ACTIVITY —
Transcribe the records below exactly, leaving out any pictures.

*** DATA RECORDS Section Begins ***

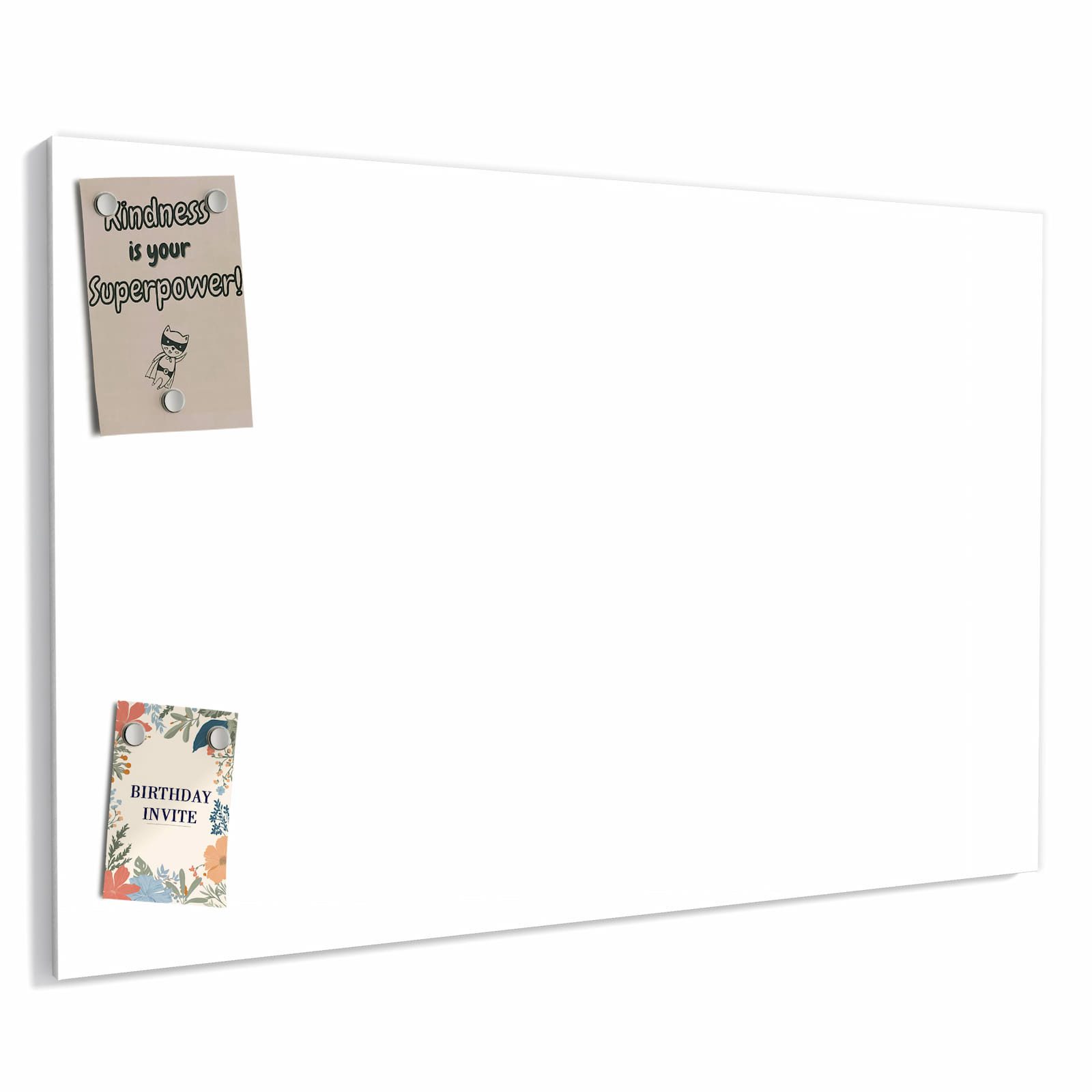 Primedeco Memoboard Metall Weisser, Heller Hintergrund – beschreibbar & magnetisch, (Inklusive Stift, Magnete und Montagematerial, 1-tlg., 9 verschiedene Größen), Magnetisch und Beschreibbar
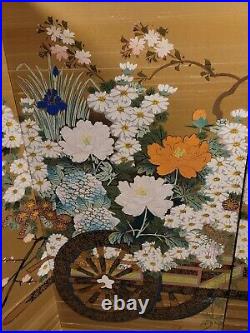 Byobu Japanese 4-Panel Folding Screen Hand Painting 71 x 31 Valued $2,200. OBO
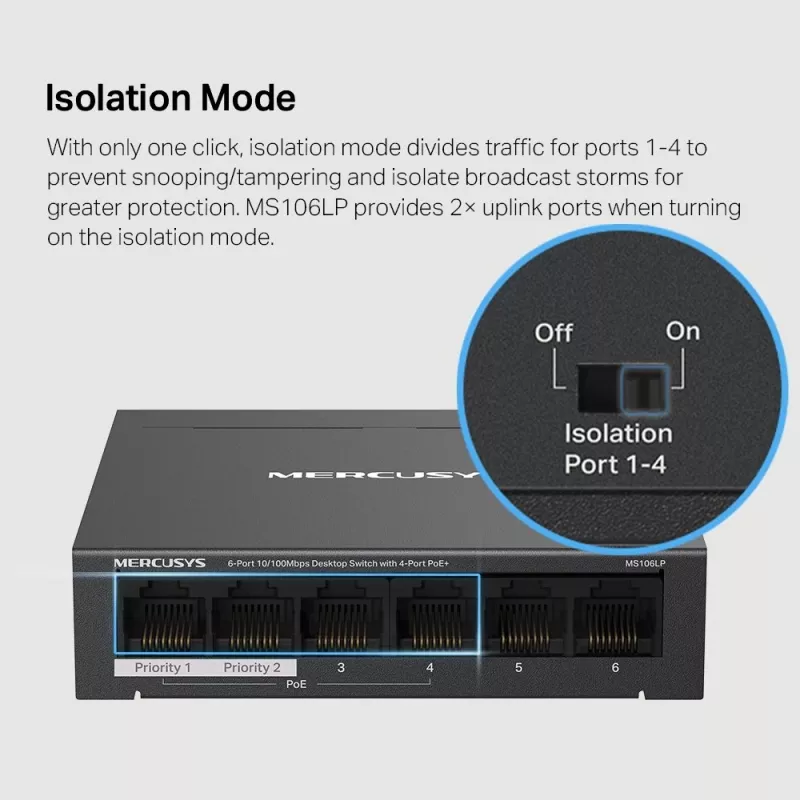 Mercusys 6-porttinen 10/100Mbps Desktop-kytkin 4-porttisella PoE+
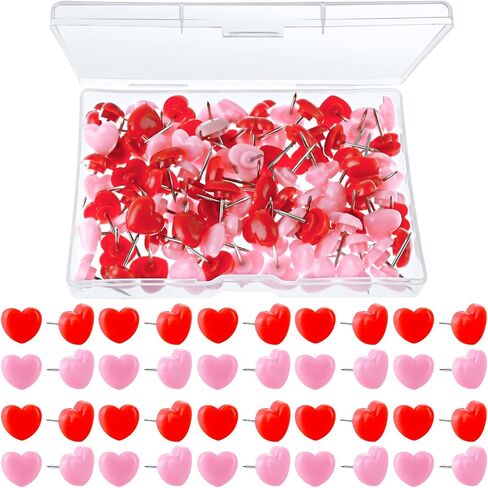 100 Pcs Heart Push Pins 0.47 Inch Cute Thumb Tacks Red Pink Push Pins Decorative Push Pins Flat Head Thumb Tacks Love Heart Push Pins for Bulletin Board Posters Photos Maps Office Home Decorative in Saudi Arabia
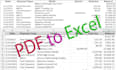 convert PDF to excel, scan pages to excel, or data entry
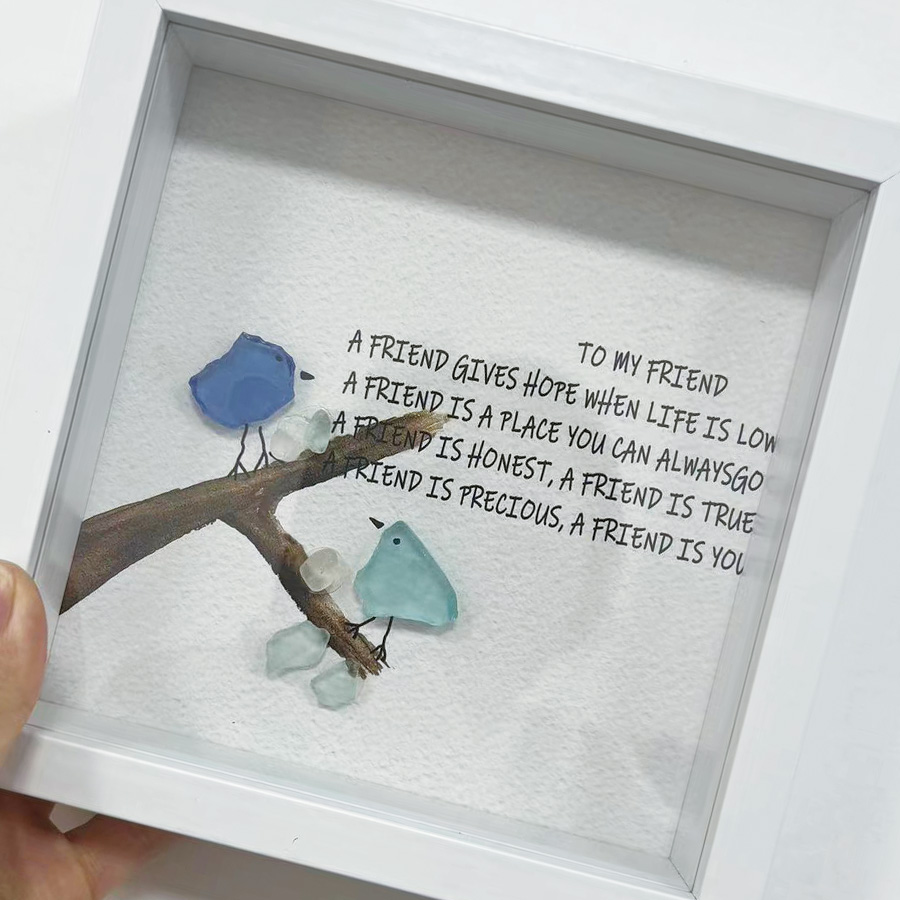 Friendship Sea Glass Birds Artwork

*** DATA RECORDS Section Ends ***

ANSWER TO THIS TASK —
 Primedeco Memoboard Metall Weisser, Heller Hintergrund – beschreibbar & magnetisch, (Inklusive Stift, Magnete und Montagematerial, 1-tlg., 9 verschiedene Größen), Magnetisch und Beschreibbar
 Byobu Japanese 4-Panel Folding Screen Hand Painting 71 x 31 Valued $2,200. OBO
 Mercusys 6-porttinen 10/100Mbps Desktop-kytkin 4-porttisella PoE+
 100 Pcs Heart Push Pins 0.47 Inch Cute Thumb Tacks Red Pink Push Pins Decorative Push Pins Flat Head Thumb Tacks Love Heart Push Pins for Bulletin Board Posters Photos Maps Office Home Decorative in Saudi Arabia
 convert PDF to excel, scan pages to excel, or data entry
 Friendship Sea Glass Birds Artwork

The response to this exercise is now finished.